Yes, and the VAX 11/780 did this too.  But all you had to do was walk
up to the console, halt the KL (or whatever the main processor
designation was), and type SET CLOCK FAST, and then let the processor
continue.  Now the 780 is executing instructions about 20% faster than
normal, but guess what?  Despite having that nice TOD hardware down there,
the BSD 4.x system wall time clocks is now running fast, gaining a lot per
hour.  (VMS used the TOD hardware so this didn't happen when running VMS.)

We used to use this extra burst of speed when we really needed some
big system build to get done faster.  Just halt, change speeds and
resume, no need to reboot BSD!  Just a slight pause.  Of course, everybody
would complain about the uptime and TOD clocks not agreeing with wall
clocks or with each other so we didn't do it very often.

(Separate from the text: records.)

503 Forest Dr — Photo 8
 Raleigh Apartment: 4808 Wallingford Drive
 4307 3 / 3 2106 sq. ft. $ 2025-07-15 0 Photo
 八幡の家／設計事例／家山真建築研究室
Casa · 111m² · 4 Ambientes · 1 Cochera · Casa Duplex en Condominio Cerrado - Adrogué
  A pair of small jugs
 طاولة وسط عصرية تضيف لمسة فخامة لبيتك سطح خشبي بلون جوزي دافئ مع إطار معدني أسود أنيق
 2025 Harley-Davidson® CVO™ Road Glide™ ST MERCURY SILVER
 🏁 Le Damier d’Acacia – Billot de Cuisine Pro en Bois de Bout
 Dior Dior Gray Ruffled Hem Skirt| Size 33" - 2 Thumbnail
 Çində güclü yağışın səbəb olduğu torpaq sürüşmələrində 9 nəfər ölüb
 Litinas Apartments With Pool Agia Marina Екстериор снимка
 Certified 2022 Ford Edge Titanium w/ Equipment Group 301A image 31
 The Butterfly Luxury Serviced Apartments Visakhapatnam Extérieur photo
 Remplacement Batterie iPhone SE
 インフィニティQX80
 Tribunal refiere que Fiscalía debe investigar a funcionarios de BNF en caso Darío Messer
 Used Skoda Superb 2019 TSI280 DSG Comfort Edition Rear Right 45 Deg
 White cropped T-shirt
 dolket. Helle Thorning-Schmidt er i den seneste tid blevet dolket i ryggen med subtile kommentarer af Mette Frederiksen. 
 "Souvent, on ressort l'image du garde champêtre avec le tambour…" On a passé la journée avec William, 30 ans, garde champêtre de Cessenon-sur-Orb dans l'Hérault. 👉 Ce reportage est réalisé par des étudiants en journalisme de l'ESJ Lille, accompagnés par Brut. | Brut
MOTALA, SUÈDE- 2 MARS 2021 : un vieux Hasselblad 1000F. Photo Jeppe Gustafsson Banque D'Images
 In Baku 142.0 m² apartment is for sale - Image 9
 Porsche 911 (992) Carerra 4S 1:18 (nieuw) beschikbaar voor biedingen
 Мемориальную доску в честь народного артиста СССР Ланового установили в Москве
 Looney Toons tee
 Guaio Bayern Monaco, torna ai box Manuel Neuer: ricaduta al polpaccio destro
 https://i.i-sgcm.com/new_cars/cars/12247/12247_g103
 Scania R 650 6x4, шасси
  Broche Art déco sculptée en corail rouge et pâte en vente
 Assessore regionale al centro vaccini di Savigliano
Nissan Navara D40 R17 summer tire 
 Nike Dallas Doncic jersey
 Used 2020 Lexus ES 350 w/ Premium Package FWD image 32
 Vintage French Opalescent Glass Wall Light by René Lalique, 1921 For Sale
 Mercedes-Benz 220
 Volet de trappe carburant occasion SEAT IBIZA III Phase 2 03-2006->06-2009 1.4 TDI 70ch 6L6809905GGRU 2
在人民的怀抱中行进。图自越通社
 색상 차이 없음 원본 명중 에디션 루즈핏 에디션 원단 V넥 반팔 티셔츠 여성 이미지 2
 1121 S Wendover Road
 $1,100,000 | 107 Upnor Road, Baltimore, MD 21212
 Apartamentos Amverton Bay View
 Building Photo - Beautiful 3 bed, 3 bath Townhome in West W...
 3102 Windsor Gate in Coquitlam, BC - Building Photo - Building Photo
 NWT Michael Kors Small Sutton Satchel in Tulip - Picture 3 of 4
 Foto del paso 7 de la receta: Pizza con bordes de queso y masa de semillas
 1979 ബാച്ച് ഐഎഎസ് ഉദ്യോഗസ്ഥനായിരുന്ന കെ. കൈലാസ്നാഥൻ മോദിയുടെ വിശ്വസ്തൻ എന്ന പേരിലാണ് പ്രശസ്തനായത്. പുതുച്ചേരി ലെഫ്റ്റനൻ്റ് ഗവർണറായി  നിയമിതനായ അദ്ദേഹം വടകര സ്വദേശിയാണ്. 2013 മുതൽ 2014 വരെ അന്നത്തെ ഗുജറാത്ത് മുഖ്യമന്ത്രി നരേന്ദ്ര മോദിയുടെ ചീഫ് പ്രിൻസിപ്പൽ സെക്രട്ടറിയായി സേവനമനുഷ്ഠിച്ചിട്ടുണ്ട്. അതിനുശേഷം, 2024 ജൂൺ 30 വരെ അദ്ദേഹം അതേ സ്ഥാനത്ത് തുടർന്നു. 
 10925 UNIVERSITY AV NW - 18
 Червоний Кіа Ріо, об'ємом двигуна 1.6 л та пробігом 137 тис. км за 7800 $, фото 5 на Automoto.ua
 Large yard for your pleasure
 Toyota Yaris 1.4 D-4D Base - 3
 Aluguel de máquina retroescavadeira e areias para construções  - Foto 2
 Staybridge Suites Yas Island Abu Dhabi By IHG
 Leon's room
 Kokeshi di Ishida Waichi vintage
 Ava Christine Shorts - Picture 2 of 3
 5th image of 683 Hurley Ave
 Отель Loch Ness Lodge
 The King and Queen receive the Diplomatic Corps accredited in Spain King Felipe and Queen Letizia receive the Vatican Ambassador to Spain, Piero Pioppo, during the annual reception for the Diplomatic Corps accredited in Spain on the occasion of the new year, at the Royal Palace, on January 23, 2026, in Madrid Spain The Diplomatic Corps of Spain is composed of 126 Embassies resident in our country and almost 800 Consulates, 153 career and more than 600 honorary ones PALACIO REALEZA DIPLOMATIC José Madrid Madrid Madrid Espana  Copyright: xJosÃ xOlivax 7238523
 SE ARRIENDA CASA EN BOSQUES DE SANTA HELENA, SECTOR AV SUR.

Granted the SET CLOCK FAST command mechanism on the VAX was meant to be
used by CEs to detect flaky components that were on the edge of failing,
but guess what?  Modern PC makers "cheat" on the processor clock too,
and don't always advertise the fact.

In fact, in this day of one-main-logic-board-fits-all, the processor clock
is probably generated by a clock synth chip, that may be allowed to
be as much as 5% fast or slow on a given machine AND on a given boot cycle,
as the synth speed always starts up at a very slow speed (8 to 20MHz).
Crystals are usually a lot tighter on deviation from the marked frequencu,
and they hold the same value from one boot to the next, but crystals are
becoming far less common on motherboards.

Further, I can name several major PC vendors who deliberately program
"high" settings into the synth chips so that their machines will perform
better in benchmarks, and the systems are sold with these faster values.
These values are loaded by the BIOS after POST is complete.  Since Intel
(and other processor makers) have tested their components clocked
at up to 10% faster than the listed value, this 5% increase isn't a
problem, particularly if the cooling of the processor is under control.
The chip makers don't like it when computer makers do this, and the chip
makers will use it an excuse if the computer manufacturer runs into
reliability trouble, but this rarely happens.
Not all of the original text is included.